What would be the role of socialit planning in a worker coop based society? What can we learn from the Soviet experience ?

Official response from submitted

Much in the Soviet planning systems (they changed across the 1917-1989 period of the USSR's existence) and in variations that other countries (both socialist and not) experimented with can and would be brought to bear in a new economic system that comprised a planned distribution of resources and products plus a worker coop organization of enterprises. You can already see some of what this could be in Spain's Mondragon Cooperative Corporation. This is because it is a holding company, a family of over 200 worker coops who undertake all sorts of shared, coordinated activities such as a bank and a university. MCC also has rules governing how unemployment suffered by any one member coop is responded to and shared by other worker coops. The goal here is the strength and solidarity of the totality of MCC upon which each worker coop depends and thus to which each contributes. This would similarly be the goal in a socialistically planned economy of worker coops which would include, of course, a much larger number of worker coops (although there might be interest in and argument for grouping them in industrial or regional sub-groupings. Socialist planning would govern how resources are allocated to each enterprise and how products flow from enterprise to enterprise and from enterprises to the public.

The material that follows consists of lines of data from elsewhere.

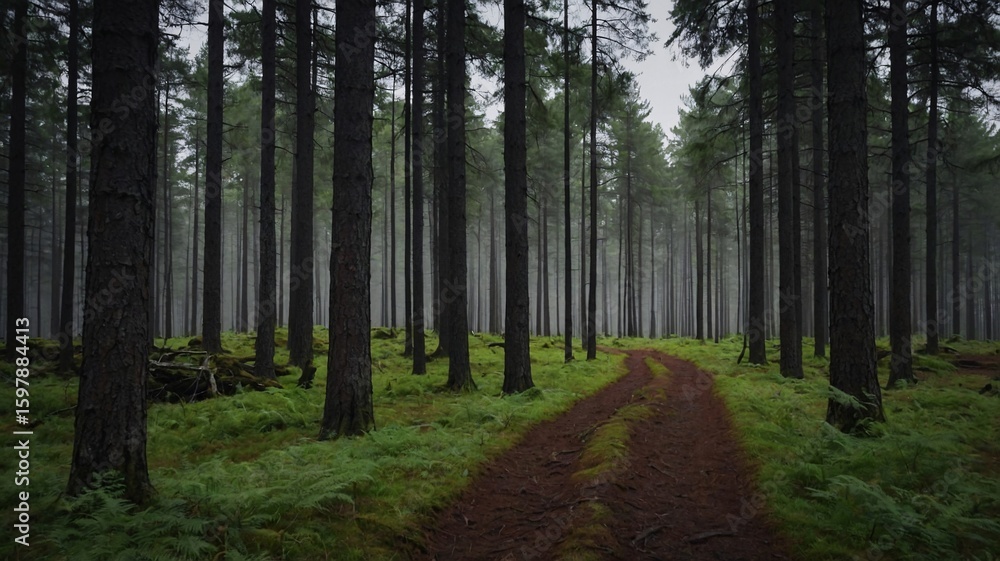 Obraz premium A tranquil forest path surrounded by tall pine trees, shrouded in mist, creating an ethereal atmosphere in nature.
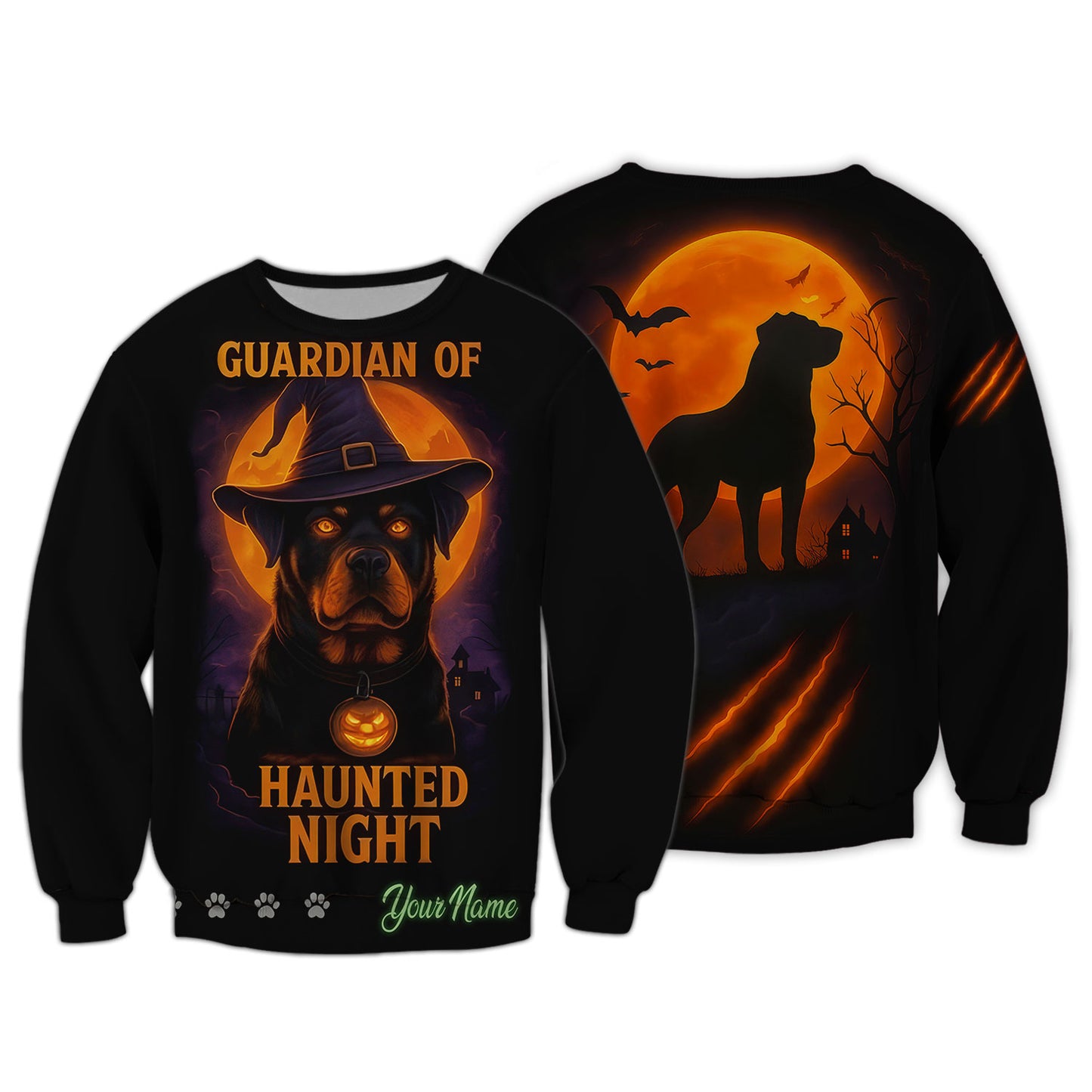 Personalized Rottweiler Halloween T-Shirt - Guardian of Haunted Night
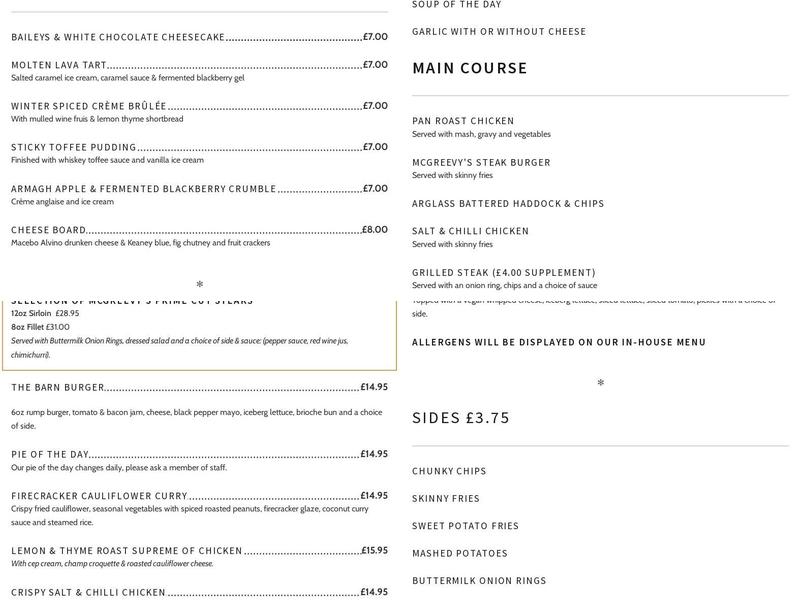 The Barn Bar & Country Kitchen Menu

Finally, there would be room for use of markets (most socialist planning systems have allowed for markets while subjecting them to all sorts of regulations much as they have been regulated in other ways in capitalist systems.

Perhaps an important basic point: our focus on worker coops was never meant to suggest an alternative definition of or task for socialism: the idea was always to correct and complete the initial experiments with socialist economies (USSR, PRC, etc) of the 20th century by ADDING and INTEGRATING the democratic reorganization of enterprises into worker coops.

 

You might find worthwhile S. Resnick and R. Wolff, Class Theory and History: Capitalism, Communism and the USSR New York: Routledge, 2002.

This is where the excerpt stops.